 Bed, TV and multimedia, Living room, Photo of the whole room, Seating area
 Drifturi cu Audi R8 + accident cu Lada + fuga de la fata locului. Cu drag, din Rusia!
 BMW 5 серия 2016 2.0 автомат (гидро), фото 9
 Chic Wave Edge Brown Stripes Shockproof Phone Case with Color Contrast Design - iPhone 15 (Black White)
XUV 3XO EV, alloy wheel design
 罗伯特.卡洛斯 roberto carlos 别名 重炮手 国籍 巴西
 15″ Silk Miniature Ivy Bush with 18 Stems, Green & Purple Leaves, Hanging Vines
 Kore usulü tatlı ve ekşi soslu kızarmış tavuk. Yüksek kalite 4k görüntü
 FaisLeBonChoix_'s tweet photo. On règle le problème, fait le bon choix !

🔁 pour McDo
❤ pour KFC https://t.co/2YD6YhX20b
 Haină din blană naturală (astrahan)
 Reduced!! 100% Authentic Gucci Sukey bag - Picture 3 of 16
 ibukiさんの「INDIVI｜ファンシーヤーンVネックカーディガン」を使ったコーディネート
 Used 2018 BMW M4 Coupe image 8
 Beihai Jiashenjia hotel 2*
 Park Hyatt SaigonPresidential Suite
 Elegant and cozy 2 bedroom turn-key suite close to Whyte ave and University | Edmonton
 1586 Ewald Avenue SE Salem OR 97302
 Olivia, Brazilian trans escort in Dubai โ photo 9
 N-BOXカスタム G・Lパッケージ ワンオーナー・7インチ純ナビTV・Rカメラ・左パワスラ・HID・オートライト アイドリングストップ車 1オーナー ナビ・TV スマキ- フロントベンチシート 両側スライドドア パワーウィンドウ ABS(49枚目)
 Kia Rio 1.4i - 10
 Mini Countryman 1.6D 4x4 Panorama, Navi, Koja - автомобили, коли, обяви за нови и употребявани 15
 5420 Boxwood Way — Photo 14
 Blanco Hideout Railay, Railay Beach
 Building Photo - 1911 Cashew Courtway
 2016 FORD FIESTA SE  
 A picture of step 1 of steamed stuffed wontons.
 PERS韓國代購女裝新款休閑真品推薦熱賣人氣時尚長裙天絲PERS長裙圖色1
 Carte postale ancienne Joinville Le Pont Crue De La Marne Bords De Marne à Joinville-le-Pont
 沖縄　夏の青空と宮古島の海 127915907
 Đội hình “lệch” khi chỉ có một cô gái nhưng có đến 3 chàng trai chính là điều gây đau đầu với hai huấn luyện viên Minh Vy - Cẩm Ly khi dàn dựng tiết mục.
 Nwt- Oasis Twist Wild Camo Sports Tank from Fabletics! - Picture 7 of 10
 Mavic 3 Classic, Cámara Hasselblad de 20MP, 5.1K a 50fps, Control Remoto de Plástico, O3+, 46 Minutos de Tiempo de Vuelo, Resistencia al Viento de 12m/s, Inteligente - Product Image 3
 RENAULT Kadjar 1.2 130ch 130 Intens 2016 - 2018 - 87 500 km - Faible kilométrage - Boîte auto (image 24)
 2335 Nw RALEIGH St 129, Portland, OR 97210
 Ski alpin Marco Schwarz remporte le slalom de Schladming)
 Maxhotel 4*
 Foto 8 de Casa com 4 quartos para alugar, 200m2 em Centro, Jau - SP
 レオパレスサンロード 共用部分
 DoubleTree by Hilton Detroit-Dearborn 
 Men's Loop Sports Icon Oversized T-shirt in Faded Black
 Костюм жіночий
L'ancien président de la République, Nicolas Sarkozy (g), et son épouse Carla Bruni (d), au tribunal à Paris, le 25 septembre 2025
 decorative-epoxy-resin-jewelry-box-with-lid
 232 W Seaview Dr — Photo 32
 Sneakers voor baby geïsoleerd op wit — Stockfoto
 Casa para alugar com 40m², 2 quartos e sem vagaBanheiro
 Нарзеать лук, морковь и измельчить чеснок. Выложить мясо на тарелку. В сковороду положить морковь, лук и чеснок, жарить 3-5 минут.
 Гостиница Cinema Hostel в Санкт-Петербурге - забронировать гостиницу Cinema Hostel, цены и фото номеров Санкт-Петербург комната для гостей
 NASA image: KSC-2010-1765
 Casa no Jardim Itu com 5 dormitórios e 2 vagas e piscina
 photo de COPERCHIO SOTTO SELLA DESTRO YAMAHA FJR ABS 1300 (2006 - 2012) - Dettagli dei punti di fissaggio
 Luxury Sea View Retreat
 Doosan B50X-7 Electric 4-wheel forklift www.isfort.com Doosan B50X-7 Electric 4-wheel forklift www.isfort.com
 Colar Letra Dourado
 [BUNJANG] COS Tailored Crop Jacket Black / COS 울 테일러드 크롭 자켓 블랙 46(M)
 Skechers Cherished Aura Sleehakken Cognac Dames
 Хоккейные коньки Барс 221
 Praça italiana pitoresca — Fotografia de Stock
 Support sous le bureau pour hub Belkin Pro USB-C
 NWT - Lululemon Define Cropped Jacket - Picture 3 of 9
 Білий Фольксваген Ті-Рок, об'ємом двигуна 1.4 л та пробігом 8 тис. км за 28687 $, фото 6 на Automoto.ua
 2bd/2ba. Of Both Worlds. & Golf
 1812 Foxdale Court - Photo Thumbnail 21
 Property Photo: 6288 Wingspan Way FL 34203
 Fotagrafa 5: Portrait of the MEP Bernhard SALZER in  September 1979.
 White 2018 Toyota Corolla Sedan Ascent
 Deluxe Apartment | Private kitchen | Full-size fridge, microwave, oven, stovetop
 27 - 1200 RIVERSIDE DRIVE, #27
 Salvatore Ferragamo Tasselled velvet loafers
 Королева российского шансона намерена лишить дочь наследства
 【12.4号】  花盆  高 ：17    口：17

§ §

## Problem statement:
Within the data above, the span starting at the line containing "RENAULT Kadjar 1.2" and ending at the line containing "Maxhotel 4*" is to be retyped exactly, with no other lines.

## The completed task:
 RENAULT Kadjar 1.2 130ch 130 Intens 2016 - 2018 - 87 500 km - Faible kilométrage - Boîte auto (image 24)
 2335 Nw RALEIGH St 129, Portland, OR 97210
 Ski alpin Marco Schwarz remporte le slalom de Schladming)
 Maxhotel 4*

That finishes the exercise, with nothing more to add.